Reviewed by Bill Sewell, Department of History, Saint Mary's University.
Published by H-US-Japan (August, 2002)


Of Consuls and Colonels

No single institution created Japan's prewar empire. Indeed, like Japan's revived imperial state itself, the empire was the product of divergent, often antagonistic factions, each with its own prescription for Japanese prosperity and stability, and each forming loose alliances with other factions as they best saw fit. Perhaps nowhere was this multiple and contentious approach to empire-building more apparent than in China (including Manchuria), and perhaps nowhere in recent work has the internal strife been made more plain than in Barbara Brooks's fine study of the fate of the "China hands" in the Japanese Foreign Ministry.[1]

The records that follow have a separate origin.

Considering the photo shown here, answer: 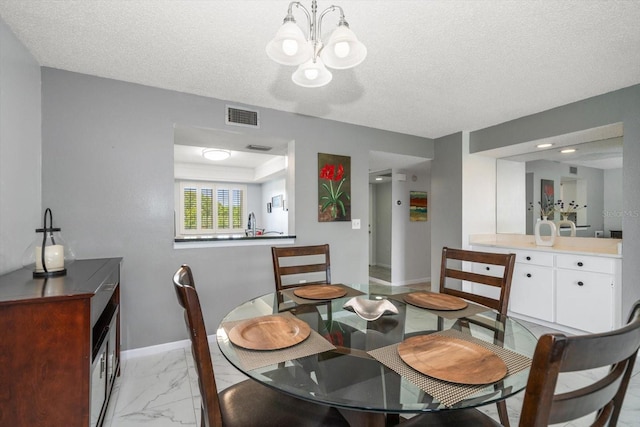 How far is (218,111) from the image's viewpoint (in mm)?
2807

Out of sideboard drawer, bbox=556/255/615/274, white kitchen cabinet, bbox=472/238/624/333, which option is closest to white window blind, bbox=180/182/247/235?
white kitchen cabinet, bbox=472/238/624/333

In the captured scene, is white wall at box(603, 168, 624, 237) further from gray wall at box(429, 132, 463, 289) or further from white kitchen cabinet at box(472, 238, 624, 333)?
gray wall at box(429, 132, 463, 289)

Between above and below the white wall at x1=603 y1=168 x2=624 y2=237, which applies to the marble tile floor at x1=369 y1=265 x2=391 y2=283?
below

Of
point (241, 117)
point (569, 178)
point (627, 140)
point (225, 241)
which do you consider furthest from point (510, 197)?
point (225, 241)

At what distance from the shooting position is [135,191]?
2.49 meters

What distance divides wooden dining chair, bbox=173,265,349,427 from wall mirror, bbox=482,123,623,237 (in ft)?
11.0

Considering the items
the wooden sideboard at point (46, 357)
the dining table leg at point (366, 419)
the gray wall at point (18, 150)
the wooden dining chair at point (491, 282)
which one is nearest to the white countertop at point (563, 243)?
the wooden dining chair at point (491, 282)

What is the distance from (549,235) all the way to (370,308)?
312 centimetres

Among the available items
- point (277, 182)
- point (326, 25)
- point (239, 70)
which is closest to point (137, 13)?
point (239, 70)

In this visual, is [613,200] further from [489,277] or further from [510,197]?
[489,277]

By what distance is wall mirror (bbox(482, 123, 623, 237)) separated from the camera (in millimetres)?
2928

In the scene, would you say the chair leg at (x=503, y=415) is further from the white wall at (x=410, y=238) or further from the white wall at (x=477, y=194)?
the white wall at (x=410, y=238)

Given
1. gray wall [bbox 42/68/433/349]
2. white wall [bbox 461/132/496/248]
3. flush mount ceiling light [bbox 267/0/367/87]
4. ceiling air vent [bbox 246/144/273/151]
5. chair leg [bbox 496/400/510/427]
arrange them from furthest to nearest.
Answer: white wall [bbox 461/132/496/248]
ceiling air vent [bbox 246/144/273/151]
gray wall [bbox 42/68/433/349]
chair leg [bbox 496/400/510/427]
flush mount ceiling light [bbox 267/0/367/87]

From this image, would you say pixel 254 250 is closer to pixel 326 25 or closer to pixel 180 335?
pixel 180 335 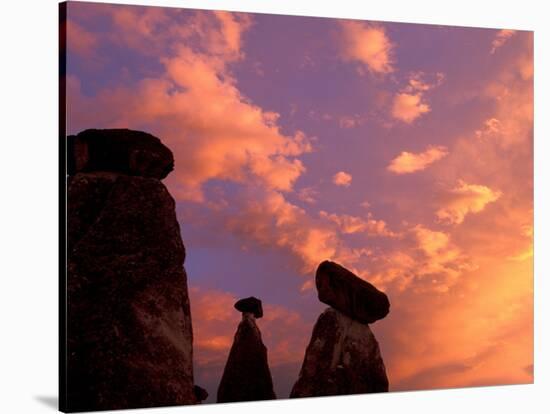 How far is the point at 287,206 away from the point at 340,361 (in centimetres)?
180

The China hands were those members of the ministry with the most field experience in China and presumably those with the greatest understanding of Chinese society within the Japanese bureaucracy. The traditional view has been that their collective failure to secure a peaceful relationship between Japan and China in the 1920s resulted in the diminishing of their influence in policy formation in the 1930s. However, Brooks shows nicely that not only were they in a tight spot with regard to policy alternatives but also structurally, as their positions even within the ministry were not entirely secure.

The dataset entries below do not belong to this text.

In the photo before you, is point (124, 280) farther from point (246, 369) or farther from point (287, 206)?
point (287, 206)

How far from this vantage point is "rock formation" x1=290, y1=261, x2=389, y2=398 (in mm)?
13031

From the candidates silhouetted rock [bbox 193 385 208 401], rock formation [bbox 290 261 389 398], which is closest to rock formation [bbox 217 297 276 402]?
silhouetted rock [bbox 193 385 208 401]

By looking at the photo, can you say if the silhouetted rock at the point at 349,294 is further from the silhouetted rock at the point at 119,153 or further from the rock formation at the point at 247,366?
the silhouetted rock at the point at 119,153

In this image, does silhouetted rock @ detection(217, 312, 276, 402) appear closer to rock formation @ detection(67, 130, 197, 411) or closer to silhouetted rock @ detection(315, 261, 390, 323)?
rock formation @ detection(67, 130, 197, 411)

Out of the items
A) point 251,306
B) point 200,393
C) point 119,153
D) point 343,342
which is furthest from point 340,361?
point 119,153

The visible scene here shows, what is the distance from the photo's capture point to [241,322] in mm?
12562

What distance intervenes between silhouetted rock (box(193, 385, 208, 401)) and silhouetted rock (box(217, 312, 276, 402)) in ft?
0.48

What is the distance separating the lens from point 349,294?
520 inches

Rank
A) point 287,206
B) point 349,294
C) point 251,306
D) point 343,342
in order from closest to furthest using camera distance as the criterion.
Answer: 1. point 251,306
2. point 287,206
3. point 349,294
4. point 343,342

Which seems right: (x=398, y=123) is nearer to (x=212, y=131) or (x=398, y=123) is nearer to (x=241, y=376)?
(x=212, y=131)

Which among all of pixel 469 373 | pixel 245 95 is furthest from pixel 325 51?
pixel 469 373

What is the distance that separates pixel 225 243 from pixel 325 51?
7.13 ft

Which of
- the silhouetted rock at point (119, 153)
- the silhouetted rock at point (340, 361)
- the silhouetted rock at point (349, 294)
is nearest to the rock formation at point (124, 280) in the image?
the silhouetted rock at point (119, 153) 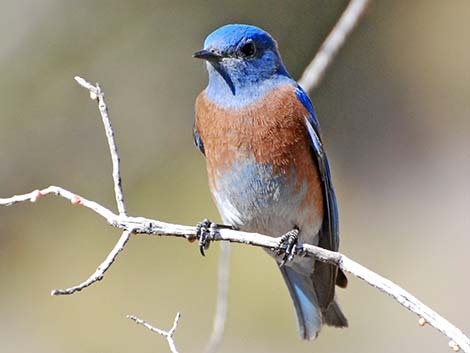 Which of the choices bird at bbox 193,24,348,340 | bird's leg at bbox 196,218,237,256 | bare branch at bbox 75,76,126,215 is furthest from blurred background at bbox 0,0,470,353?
bare branch at bbox 75,76,126,215

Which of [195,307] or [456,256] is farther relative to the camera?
[456,256]

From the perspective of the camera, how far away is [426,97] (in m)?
9.98

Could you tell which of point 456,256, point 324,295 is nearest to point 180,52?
point 456,256

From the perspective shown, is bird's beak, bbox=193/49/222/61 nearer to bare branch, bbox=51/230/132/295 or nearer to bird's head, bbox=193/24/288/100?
bird's head, bbox=193/24/288/100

The insecurity that facilitated their downfall is at the heart of Brooks's study--it was no sudden development. Indeed, she demonstrates that bureaucratic shifts in the 1930s constituted a second period of change within the Foreign Ministry, the first occurring a decade or so earlier when junior members sought to alter the ministry's focus and means of determining policy. This was deemed necessary because the initial Japanese focus on treaty revision inclined the ministry towards working closely with the European and American diplomatic corps, which induced many Japanese diplomats to absorb much from Western models, including not only certain concerns but also an elitist approach to policy formation. Although an elitist approach may also have been the product of Japanese habits, it eventually led to dissension within the ministry as lower ranking officials--angered by cumulative slights and perceived errors culminating in the negotiations at Versailles in 1919--challenged their superiors regarding not only policy but also the method of its formation.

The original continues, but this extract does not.